--- WORK INSTRUCTIONS ---
Please restate, word for word, the lines below that begin at the one with "2012 PEUGEOT 207 2012 PEUGEOT 207" and end at the one with "Concert Blondie Graphic". Leave out all other lines.

--- PROVIDED INFORMATION ---
══════
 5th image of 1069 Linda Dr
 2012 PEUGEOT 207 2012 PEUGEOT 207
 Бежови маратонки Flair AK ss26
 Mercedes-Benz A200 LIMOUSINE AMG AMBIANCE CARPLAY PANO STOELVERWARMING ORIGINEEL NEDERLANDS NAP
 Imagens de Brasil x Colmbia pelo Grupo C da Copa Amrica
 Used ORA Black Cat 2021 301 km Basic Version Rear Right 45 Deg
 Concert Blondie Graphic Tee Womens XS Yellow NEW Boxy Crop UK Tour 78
══════
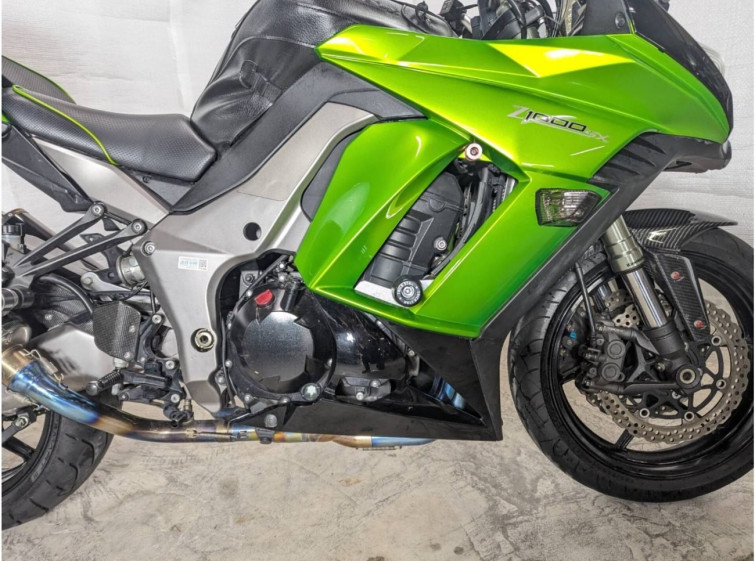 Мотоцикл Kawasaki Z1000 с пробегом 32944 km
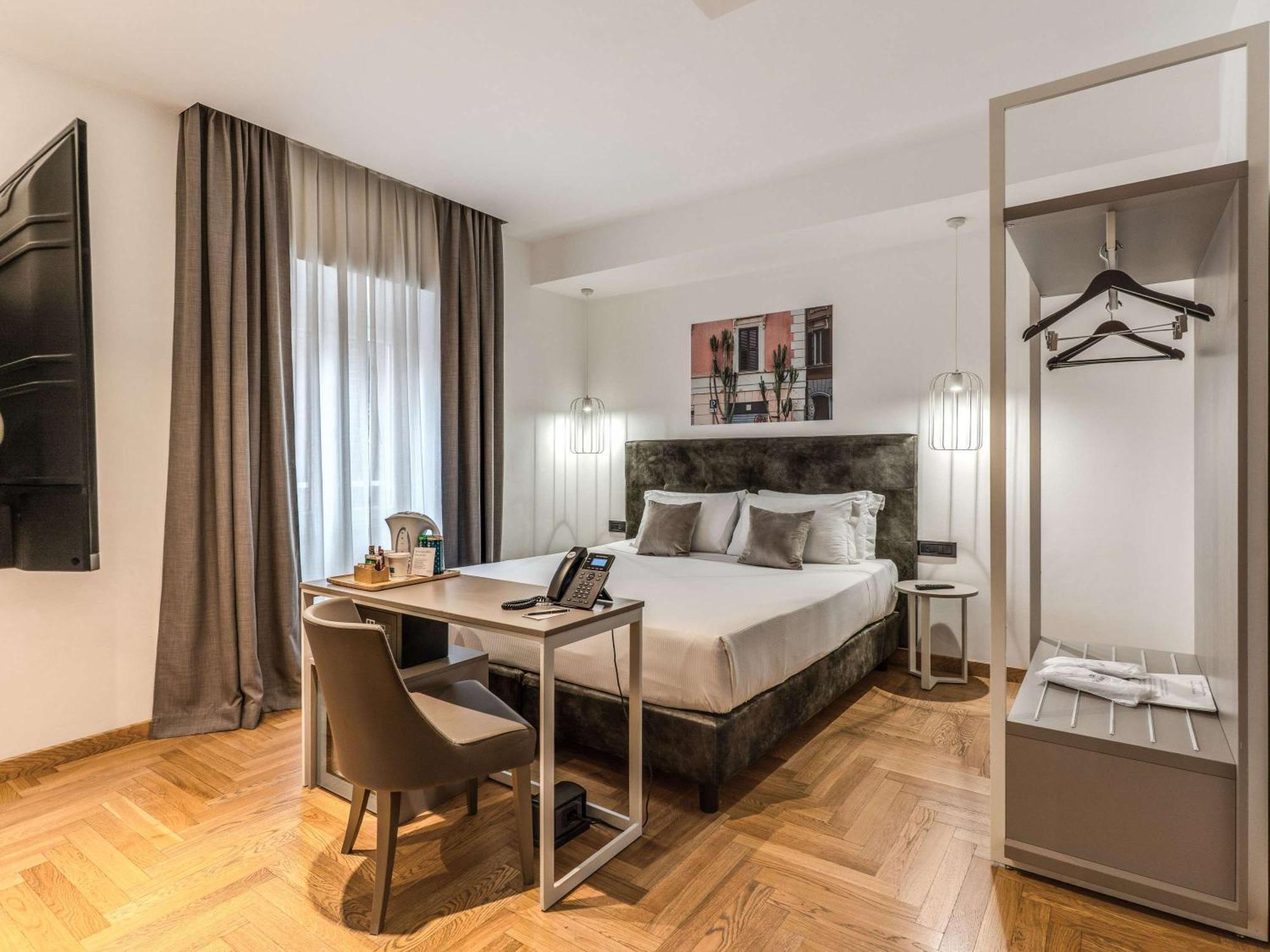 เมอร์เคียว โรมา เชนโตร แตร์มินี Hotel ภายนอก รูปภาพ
══════
--- ANSWER TO THE EXERCISE ---
 2012 PEUGEOT 207 2012 PEUGEOT 207
 Бежови маратонки Flair AK ss26
 Mercedes-Benz A200 LIMOUSINE AMG AMBIANCE CARPLAY PANO STOELVERWARMING ORIGINEEL NEDERLANDS NAP
 Imagens de Brasil x Colmbia pelo Grupo C da Copa Amrica
 Used ORA Black Cat 2021 301 km Basic Version Rear Right 45 Deg
 Concert Blondie Graphic Tee Womens XS Yellow NEW Boxy Crop UK Tour 78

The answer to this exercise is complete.